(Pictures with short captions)
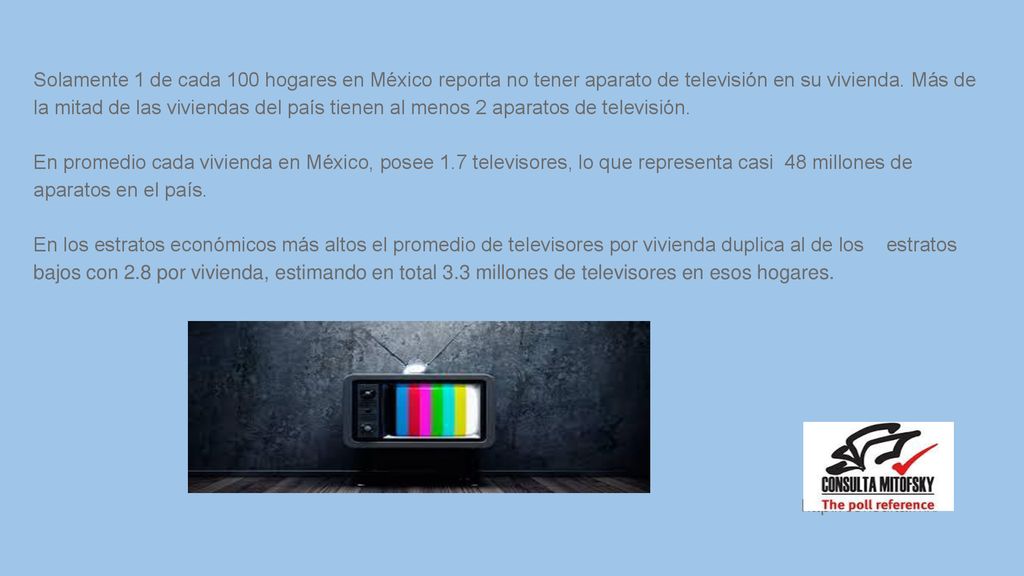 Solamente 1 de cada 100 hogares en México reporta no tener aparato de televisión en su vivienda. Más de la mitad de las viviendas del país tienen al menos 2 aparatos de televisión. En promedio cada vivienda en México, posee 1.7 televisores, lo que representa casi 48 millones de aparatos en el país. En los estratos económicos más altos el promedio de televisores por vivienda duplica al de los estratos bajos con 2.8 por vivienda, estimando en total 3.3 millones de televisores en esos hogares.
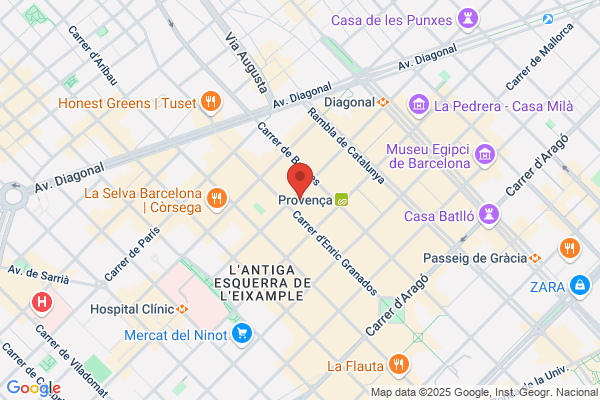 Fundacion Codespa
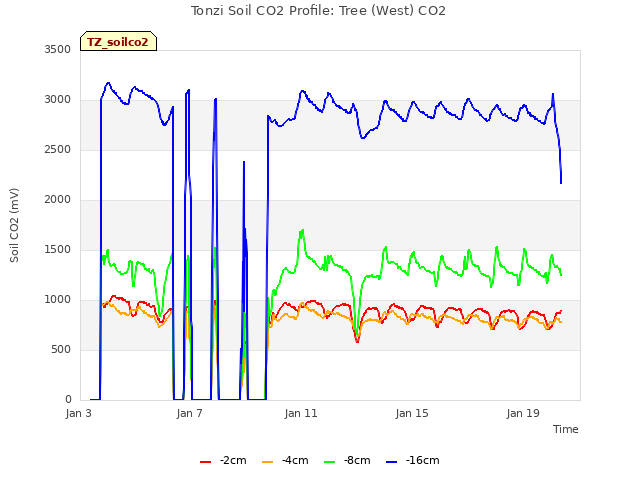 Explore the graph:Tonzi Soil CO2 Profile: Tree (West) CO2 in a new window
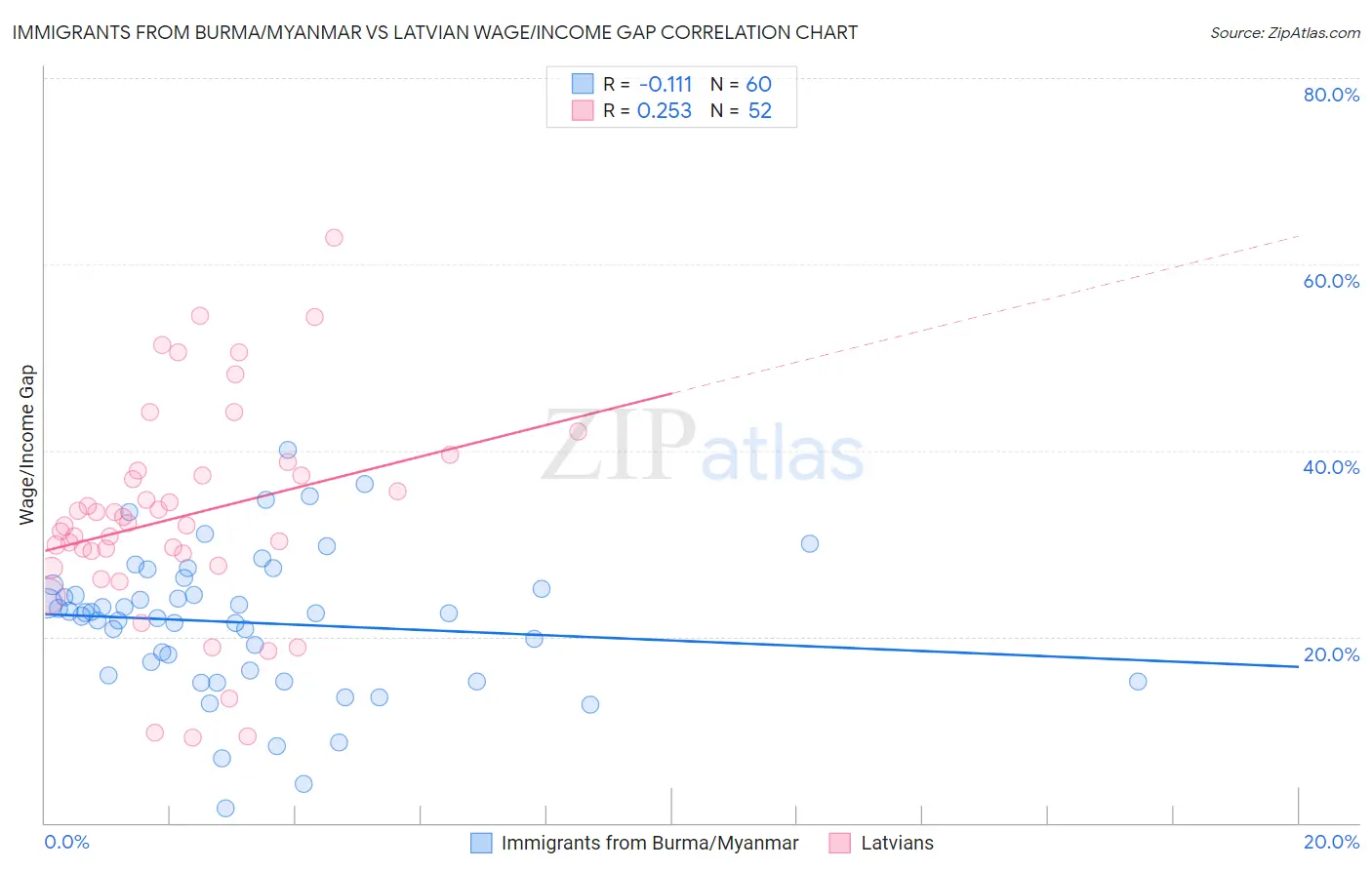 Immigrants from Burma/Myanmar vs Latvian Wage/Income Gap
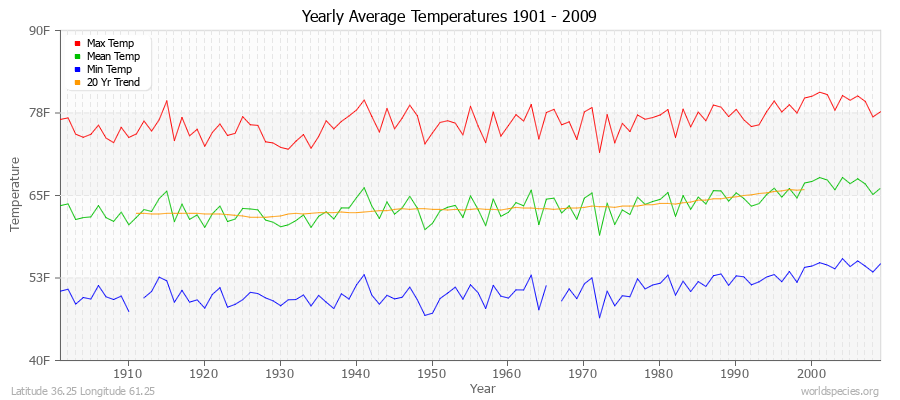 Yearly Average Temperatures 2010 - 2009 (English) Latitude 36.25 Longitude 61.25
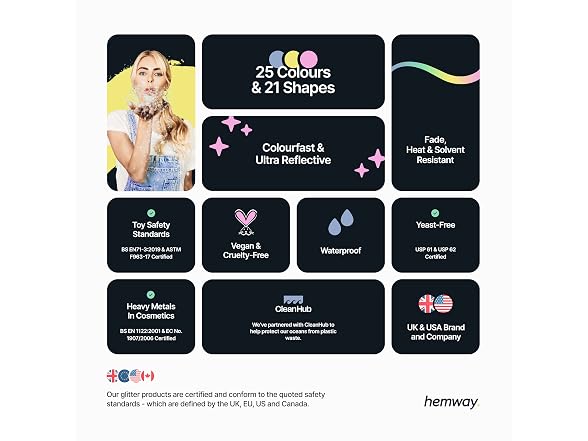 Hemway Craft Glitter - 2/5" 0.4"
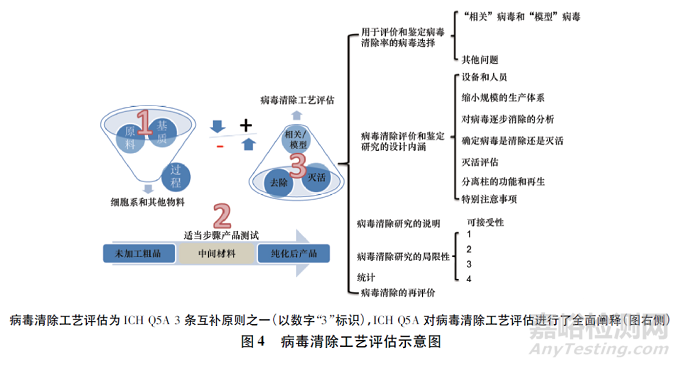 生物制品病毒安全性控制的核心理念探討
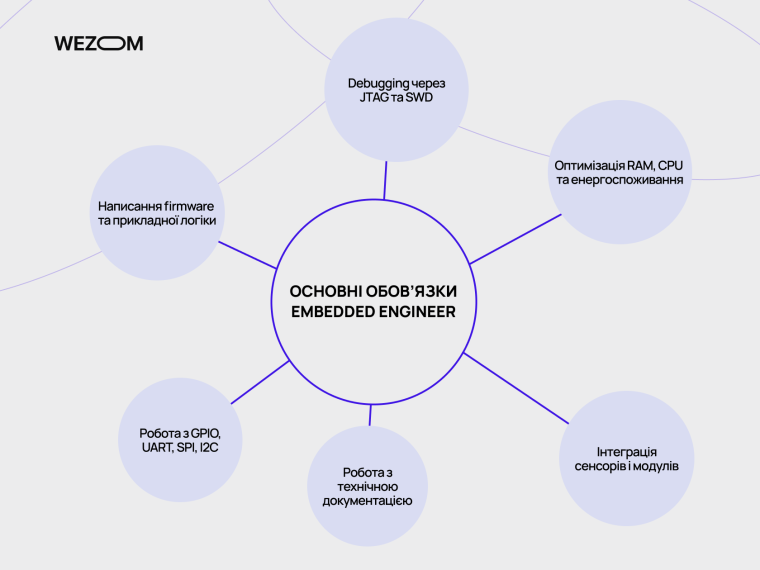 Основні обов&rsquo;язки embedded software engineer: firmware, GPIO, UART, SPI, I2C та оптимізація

(What this task involves):
Every line above goes into the copy unchanged; the pictures do not.

(Answer area):
 Solamente 1 de cada 100 hogares en México reporta no tener aparato de televisión en su vivienda. Más de la mitad de las viviendas del país tienen al menos 2 aparatos de televisión. En promedio cada vivienda en México, posee 1.7 televisores, lo que representa casi 48 millones de aparatos en el país. En los estratos económicos más altos el promedio de televisores por vivienda duplica al de los estratos bajos con 2.8 por vivienda, estimando en total 3.3 millones de televisores en esos hogares.
 Fundacion Codespa
 Explore the graph:Tonzi Soil CO2 Profile: Tree (West) CO2 in a new window
 Immigrants from Burma/Myanmar vs Latvian Wage/Income Gap
 Yearly Average Temperatures 2010 - 2009 (English) Latitude 36.25 Longitude 61.25
 Hemway Craft Glitter - 2/5" 0.4"
 生物制品病毒安全性控制的核心理念探討
 Основні обов&rsquo;язки embedded software engineer: firmware, GPIO, UART, SPI, I2C та оптимізація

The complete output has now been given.